6. Positive motivation.
Motivation contrary to the feedback is about the future. And the brighter the future is the more people are willing to sacrifice to get there. Marketing professionals will always tell you to demonstrate why your product is better, not why your competitors are worse. Same applies when you “sell” your idea to the team. Be as vivid and creative in your description as possible, but don’t lie. The team will follow you and every member will find his own reason for doing that. Apple advertising is a great example of positive motivation. They give you a positive example of what you can achieve having an iPhone and you will find several reasons why to stop eating and spend all you have on this shiny gadget.

7. Managing expectations.
People are not good at judging themselves. Look at “American Idol” auditions. All those folks truly believe they should be on the stage. Some even sing while riding on the bus or walking down the street. And it is a real torture to listen to. Project team faces the same challenge. Only a small percentage of folks tend to underestimate their abilities and impact on the project. But the vast majority believes that they are perfect and do all the work. It leads to huge unjustifiable expectations of their input recognition. It may be the end of the project or just a milestone. It is always better to set expectations slightly lower and exceed them rather than set too high and miss.

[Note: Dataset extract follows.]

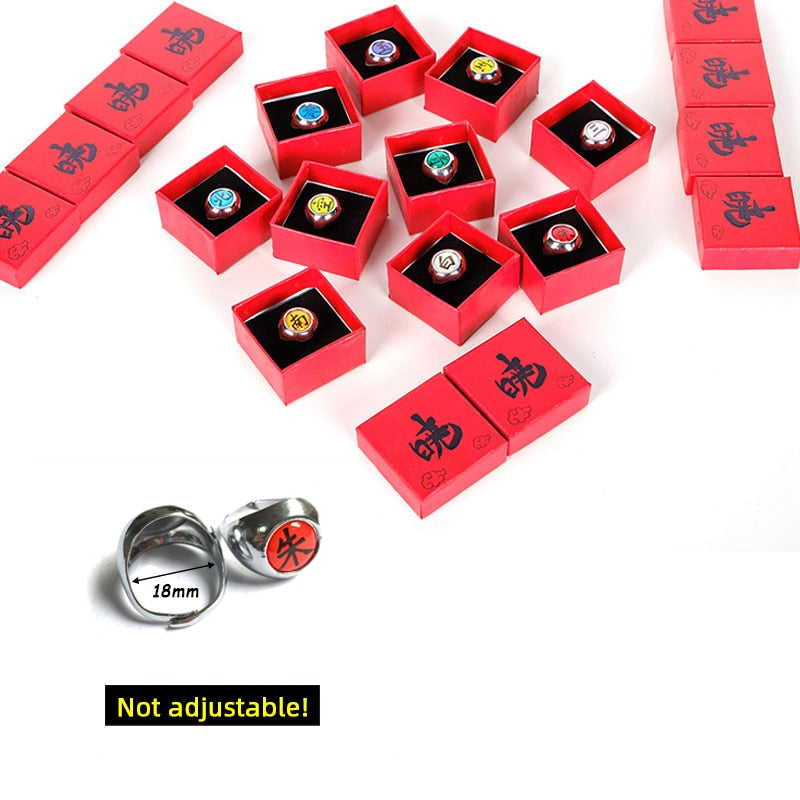Crimson Cloud Band – Rogue Shinobi Signet Ring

Now let’s focus on the most common mistakes (DON’Ts):


1. Don’t change goals frequently.
Goals are strategic and strategy does not fluctuate every hour. Too many changes demonstrate your incompetence. Write them down for yourself, come back to it in a day (at least), think what you had missed, and share it with others only after that.

2. Don’t micromanage.
Micromanagement is very helpful for training and education, but is unacceptable for daily operations. There are many ways to achieve the same (or even better) results and your ways are not always the best. You double the amount of time spent for each task when micromanaging (counting time for both of you). Want to do everything your way? Do it yourself! Leave room for error and creativity for other people.

3. Don’t underestimate the efforts.
Never dictate your team how long you think the task should take. Listen to their opinion and rational behind it first. You may challenge it after that based on your understanding of the problem, but not before. Look at this from the team member side. Nothing frustrates more when your boss thinks this is a 15-minute task and you have to work the whole night to complete. You’re “killing” yourself for nothing – your boss will never recognize your efforts because he does not think there are any.

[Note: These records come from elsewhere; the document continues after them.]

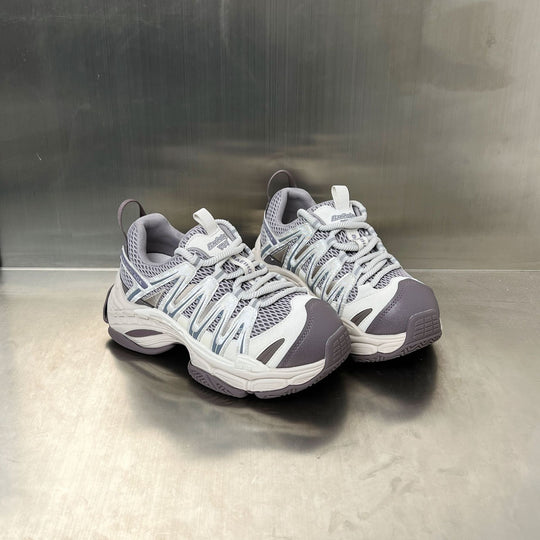 Damen Sportliche Outdoor-Sneaker mit atmungsaktiver Mesh-Oberfläche und stoßdämpfendem Sohlenkomfort R&B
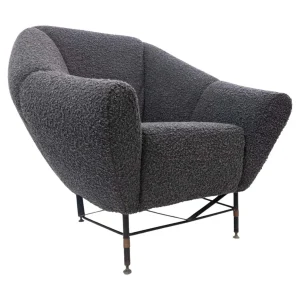 1950's Italian Mid-Century Modern Armchair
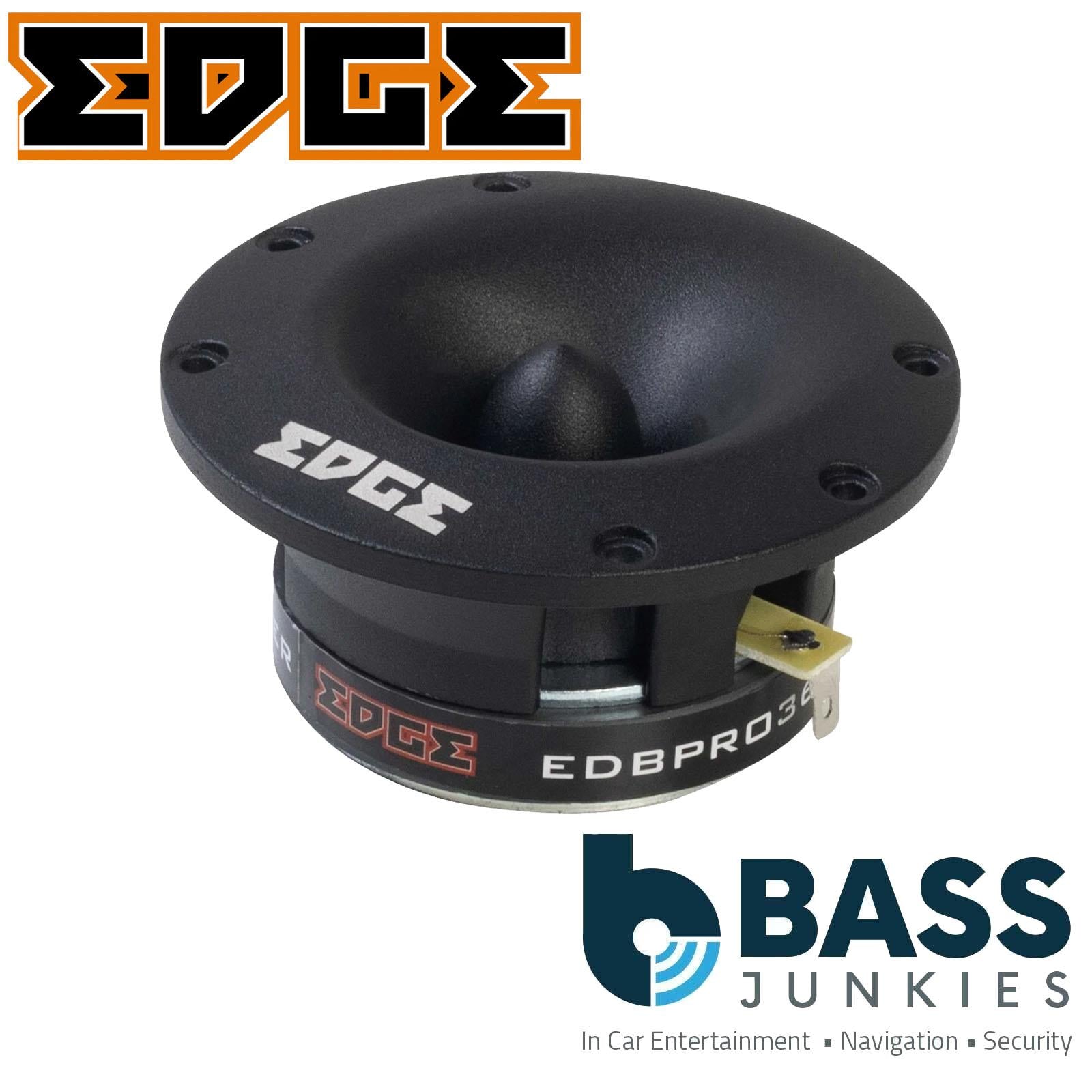 EDGE DB Series EDBPRO36T-E1 - 4 inch Pro 160 Watts Car Audio Tweeter Pair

4. Don’t assume that the work stops when you leave the office.
Or starts when you walk in. Many good things happen while you were out. Team was in the middle of something when you came back from the golf course. Get to your office, try to understand what’s going on and do not demand instantaneous ad-hoc status reports.

5. Don’t delegate a role without the authority.
It is a guaranteed failure. If you let your group leaders define bonuses for their subordinates, then you should not discuss individual bonuses with each and every team member. Send them back to their group leader with all the complaints and have a meeting with him to go over the issue later. You have to support delegated decisions, not override them all the time. Otherwise you will continue doing everything yourself.

6. Don’t trust external sources more than your team.
External source may have great ideas but only the team understands how to use them for the project. Team may be conservative, but it does not make it wrong. External source is just yet another information feed, not a replacement for the team’s expertise. The grass is NOT always greener on the other side.

7. Don’t declare the state of emergency daily.
Most the events can be predicted and addressed in the systematic way. Many “emergencies” can wait until the next business day or more. Keep some reserves for the real crisis; otherwise your team will have no capacity to step in when it is really necessary. And remember that your lack of planning does not constitute an emergency for others.

8. Don’t assume people know what you know.
Let’s say you were negotiating a new deal for a few days and have to leave early from the today’s call. It is a very bad idea to pull someone in at the last minute and tell him: “I have to go, continue negotiations and call me later with the update”. This person does not know the context, feels stupid and can do absolutely nothing useful in this situation.

9. Don’t expect people will do more every day.
People can get better and better under some pressure, but there is a limit. It is hard to expect much more once they reach top performance. It works somewhat like metal fatigue. Metal breaks, people quit. You think you’re such a great manager forcing everyone to work way beyond their capacity? No, you are the biggest looser. Now you have to find and train a replacement, and the new person will get to comparable performance levels in only 6-12 months!

10. Don’t rely on multitasking.
Most people can work on one task at a time. Switching to another task takes time (person has to get into context first). I saw cases when performance went down 30-40% when two tasks are executed in parallel by one person. Results are not that bad, when both tasks are similar in nature, but be ready to give up at least 1/5 of person’s performance. Your “quick” phone call or a surprise visit to someone’s cubicle has the same impact on person’s performance – you pulled him away from the task and now he has to spend some time to get back to it.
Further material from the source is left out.